ACTIVITY: Nothing but the lines below from the one containing "organic topsoil we" through the one containing "May include: A" should appear in the answer, exact and without pictures.

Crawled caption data
========================================================================

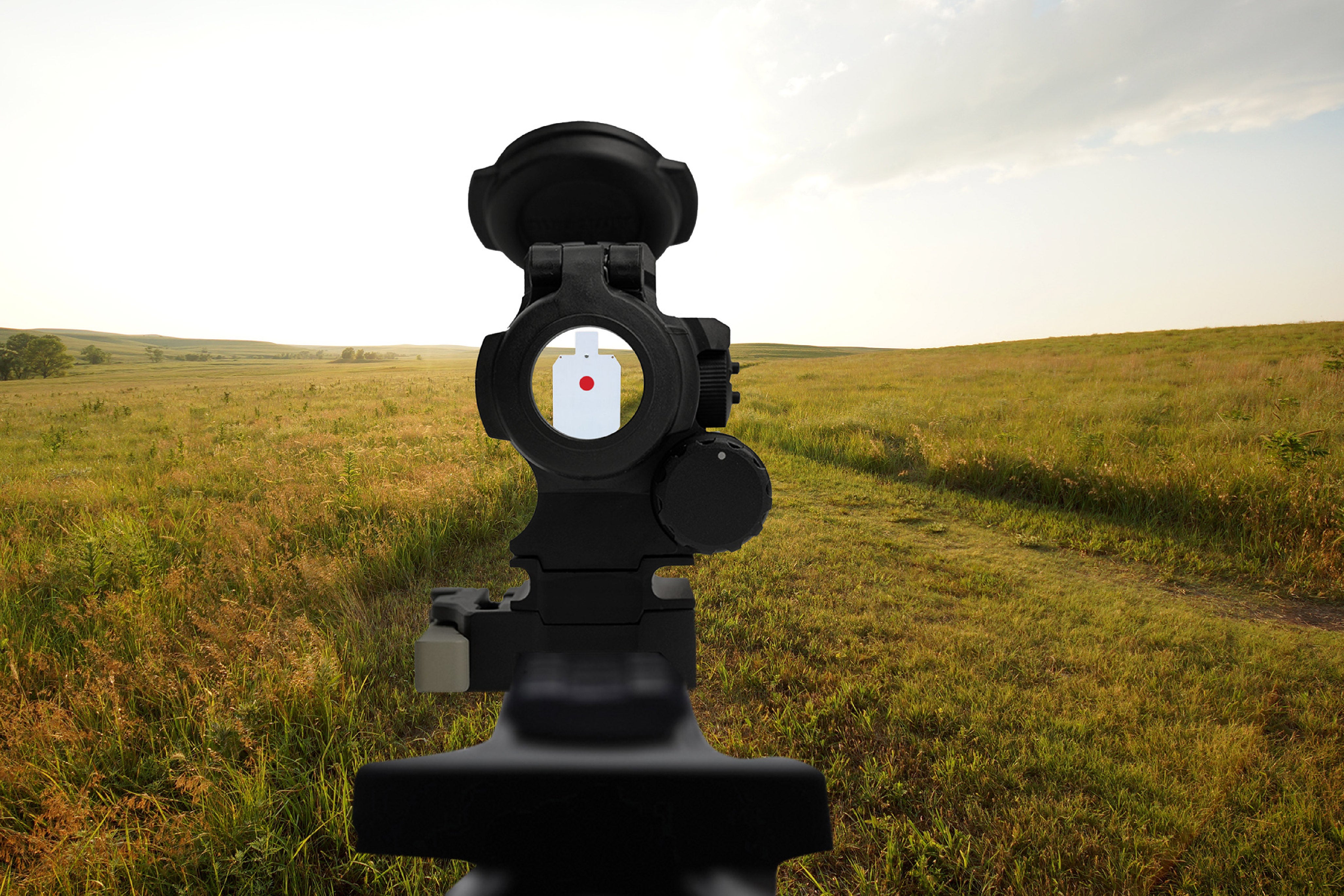 Red dot sight on a stand with a grassy field and cloudy sky in the background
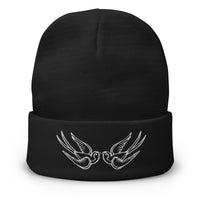 Black cuffed beanie with Falling Sparrows Tattoo Bird embroidered artwork, front view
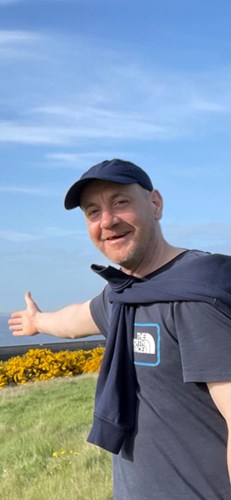 Image shows a man. He is standing outside, with a clear blue sky behind him. He is wearing a dark blue cap, a dark blue t-shirt and a dark blue jumper, which is draped over his shoulders. He is smiling broadly and gesturing behind him with one arm.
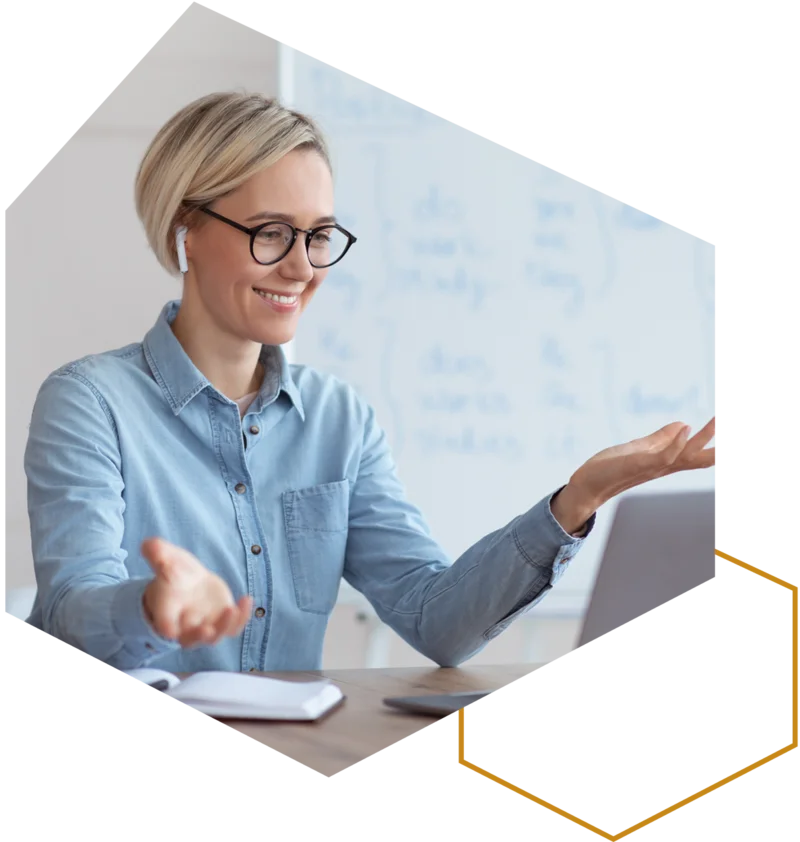 Frau mit Brille erklärt etwas gestikulierend vor einem Whiteboard.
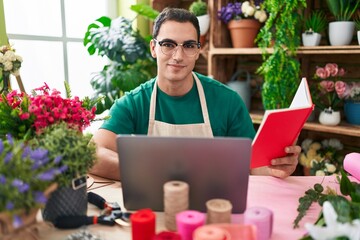 Sticker - Young hispanic man florist using laptop reading book at flower shop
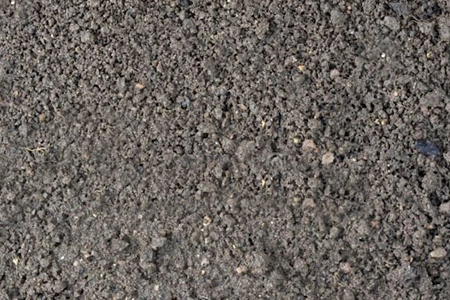 organic topsoil we sell - picture of rich dark soil - ideal for plants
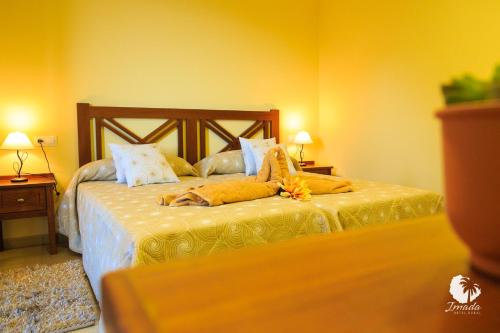 a bedroom with a bed with yellow walls at Hotel Rural Imada in Imada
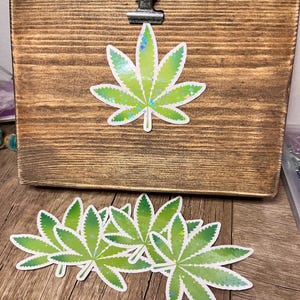 May include: A set of five green and white holographic marijuana leaf stickers. The stickers are arranged in a pile on a wooden surface.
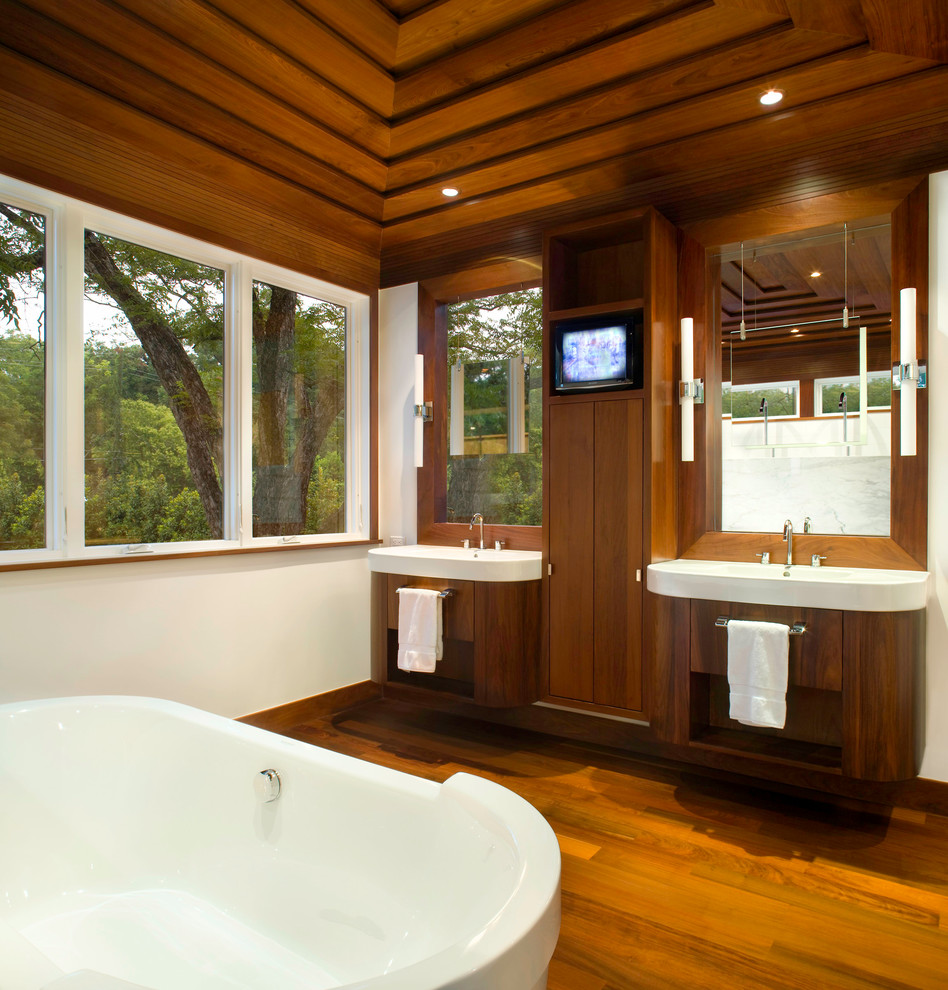 Свежая идея для дизайна: ванная комната в стиле неоклассика (современная классика) с плоскими фасадами, темными деревянными фасадами, отдельно стоящей ванной и окном - отличное фото интерьера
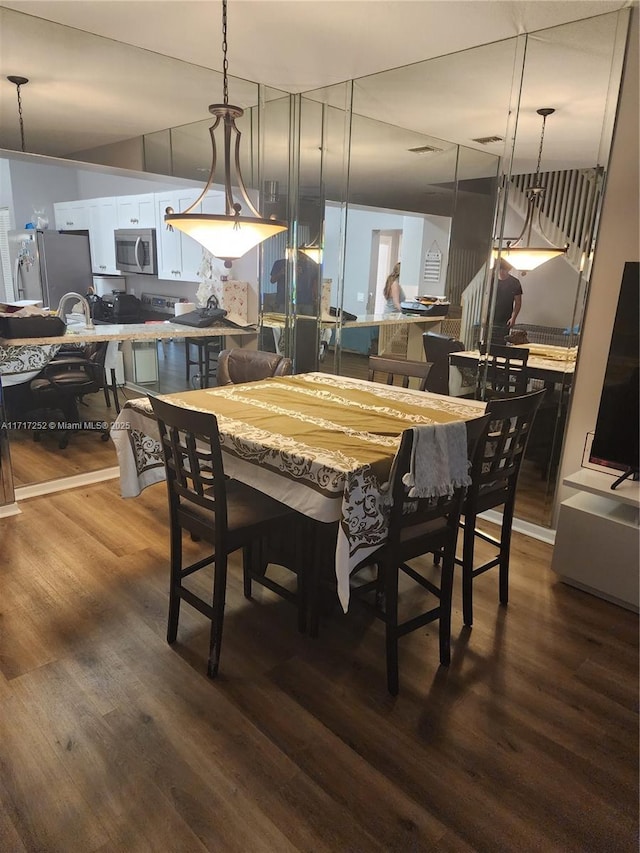 dining area with dark hardwood / wood-style floors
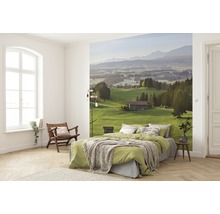 Slaapkamer met fotobehang van een heuvellandschap met bergen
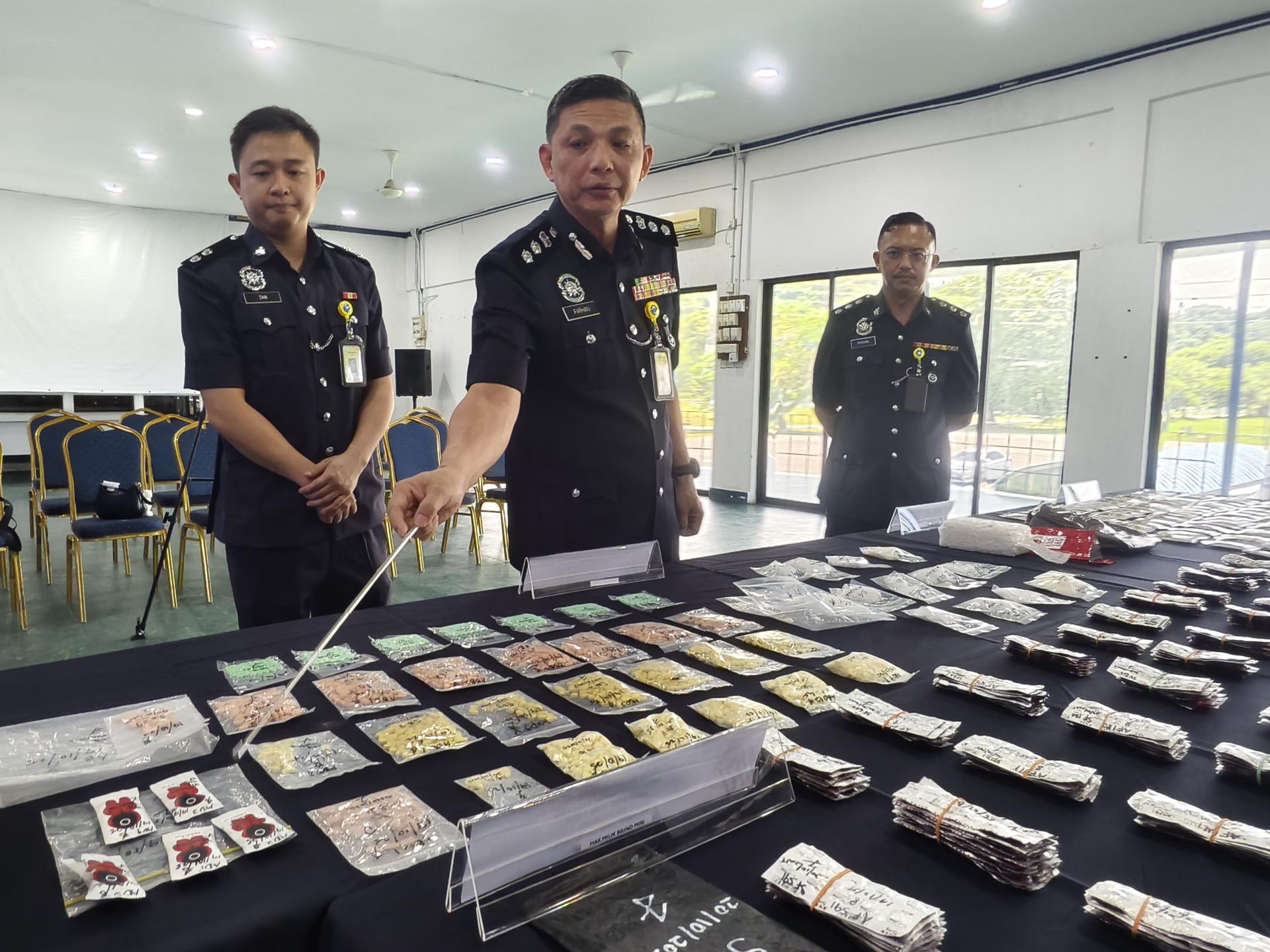 美里警区主任李炳强助理总监（左2）向媒体展示起获的各类毒品。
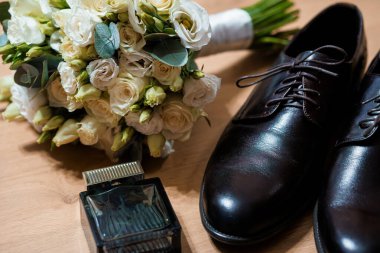 Beyaz gül buketi, siyah deri ayakkabılar ve ahşap bir masanın üzerinde parlak bir parfüm şişesi içeren romantik bir düğün düzenlemesi. Gelinlik hazırlığının ve sofistikeliğin özünü yansıtıyor.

========================================================================

RESPONSE TO THE TASK:
 organic topsoil we sell - picture of rich dark soil - ideal for plants
 a bedroom with a bed with yellow walls at Hotel Rural Imada in Imada
 May include: A set of five green and white holographic marijuana leaf stickers. The stickers are arranged in a pile on a wooden surface.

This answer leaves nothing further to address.